** Opening Data shown block **

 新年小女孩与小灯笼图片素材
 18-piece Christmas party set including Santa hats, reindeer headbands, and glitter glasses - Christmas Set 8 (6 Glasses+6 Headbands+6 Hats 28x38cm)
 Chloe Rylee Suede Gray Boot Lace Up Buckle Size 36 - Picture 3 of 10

** Closing Data shown block **
** Opening Data shown block **

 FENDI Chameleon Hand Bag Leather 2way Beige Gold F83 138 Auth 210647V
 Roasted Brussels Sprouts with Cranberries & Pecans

** Closing Data shown block **

Assignment >>
Starting at the line that contains "18-piece Christmas party" and stopping after the line that contains "Chloe Rylee Suede", write out every line exactly as it appears above, and no other line.

Solved exercise >>
 18-piece Christmas party set including Santa hats, reindeer headbands, and glitter glasses - Christmas Set 8 (6 Glasses+6 Headbands+6 Hats 28x38cm)
 Chloe Rylee Suede Gray Boot Lace Up Buckle Size 36 - Picture 3 of 10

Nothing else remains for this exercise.